- **Scraped caption text data**
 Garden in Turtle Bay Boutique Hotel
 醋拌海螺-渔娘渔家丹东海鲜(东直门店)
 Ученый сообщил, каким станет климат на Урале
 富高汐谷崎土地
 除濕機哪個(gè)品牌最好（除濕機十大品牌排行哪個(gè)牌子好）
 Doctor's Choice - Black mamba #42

* * *

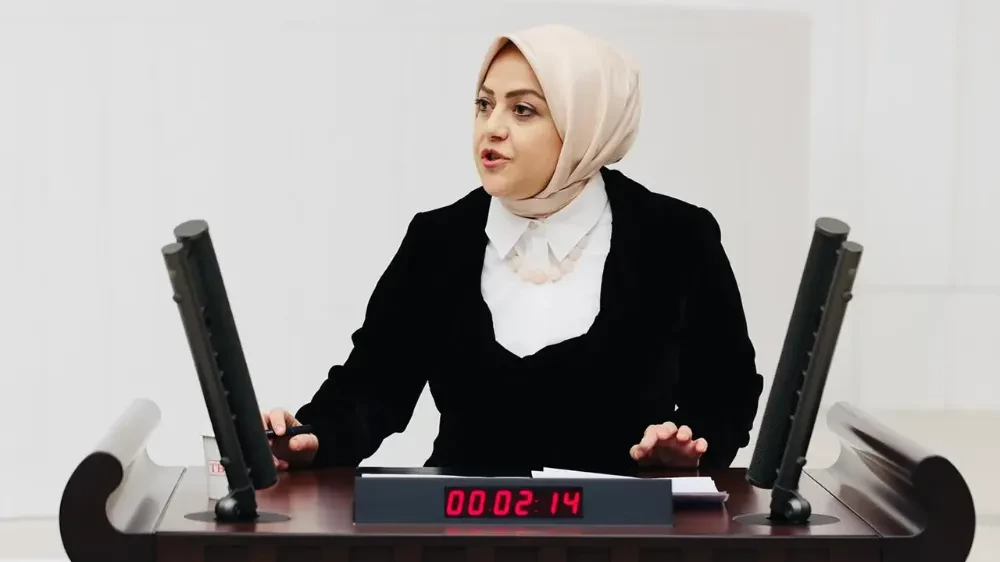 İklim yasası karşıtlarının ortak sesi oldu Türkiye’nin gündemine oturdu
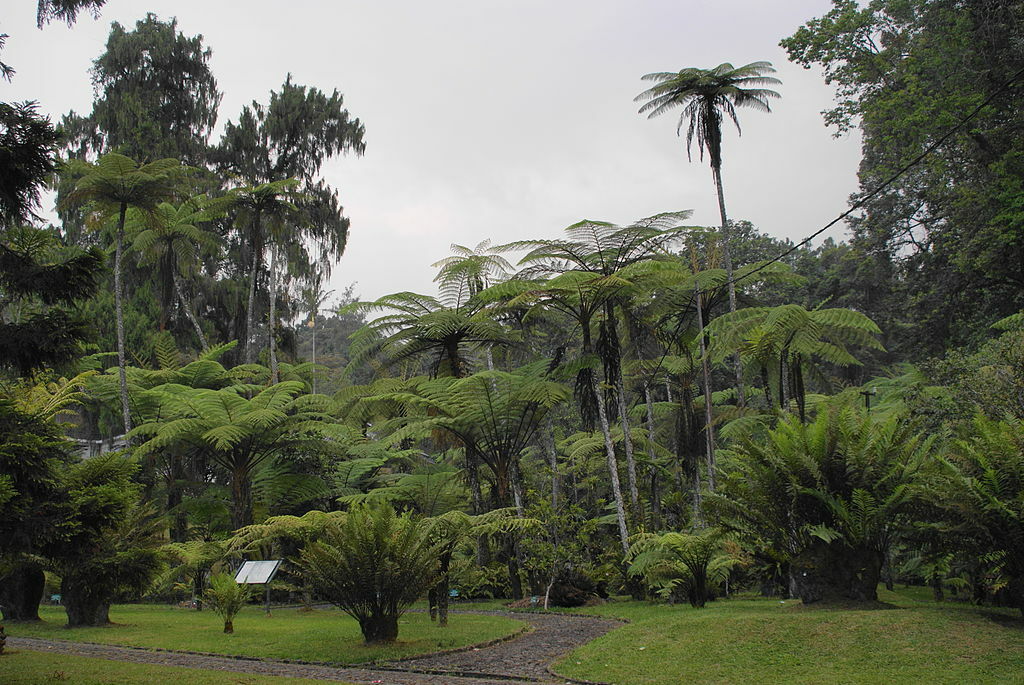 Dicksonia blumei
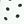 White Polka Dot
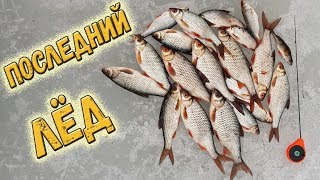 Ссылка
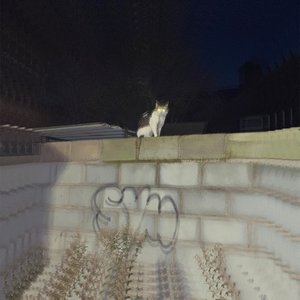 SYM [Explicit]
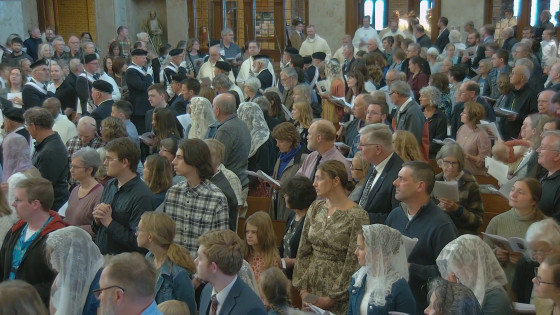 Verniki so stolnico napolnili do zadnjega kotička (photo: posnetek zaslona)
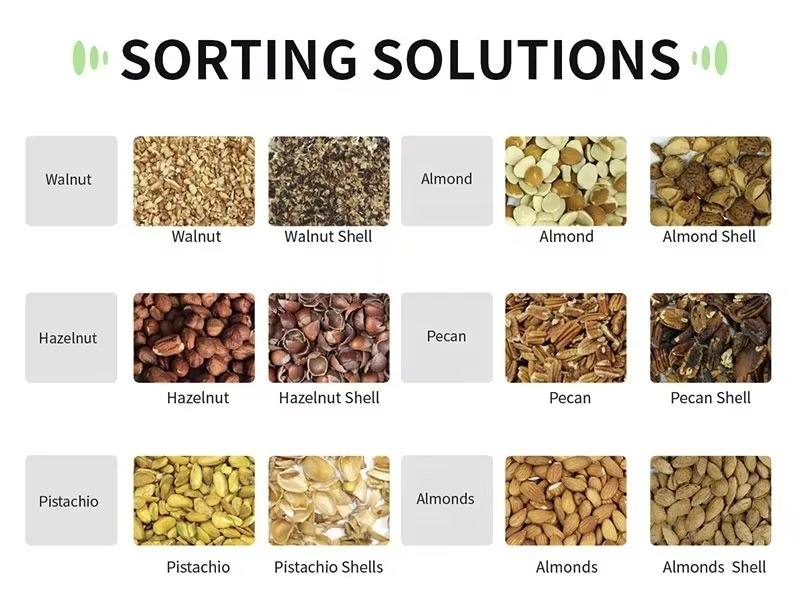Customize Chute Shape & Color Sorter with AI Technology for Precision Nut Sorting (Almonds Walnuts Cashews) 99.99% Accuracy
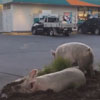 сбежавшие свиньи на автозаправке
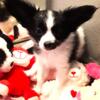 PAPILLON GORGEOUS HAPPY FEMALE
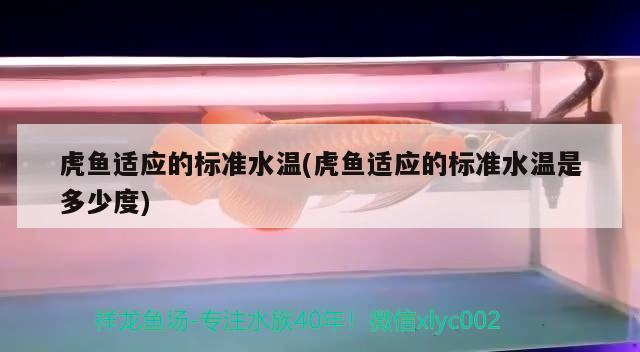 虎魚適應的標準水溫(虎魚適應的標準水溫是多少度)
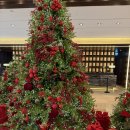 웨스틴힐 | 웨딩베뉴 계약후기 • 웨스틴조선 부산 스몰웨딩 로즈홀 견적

- **What this task involves**
For this exercise, please output exactly the lines above starting at the line with "Garden in Turtle Bay Boutique Hotel" and ending at the line with "Doctor's Choice - Black mamba #42", ends included.

- **Result**
 Garden in Turtle Bay Boutique Hotel
 醋拌海螺-渔娘渔家丹东海鲜(东直门店)
 Ученый сообщил, каким станет климат на Урале
 富高汐谷崎土地
 除濕機哪個(gè)品牌最好（除濕機十大品牌排行哪個(gè)牌子好）
 Doctor's Choice - Black mamba #42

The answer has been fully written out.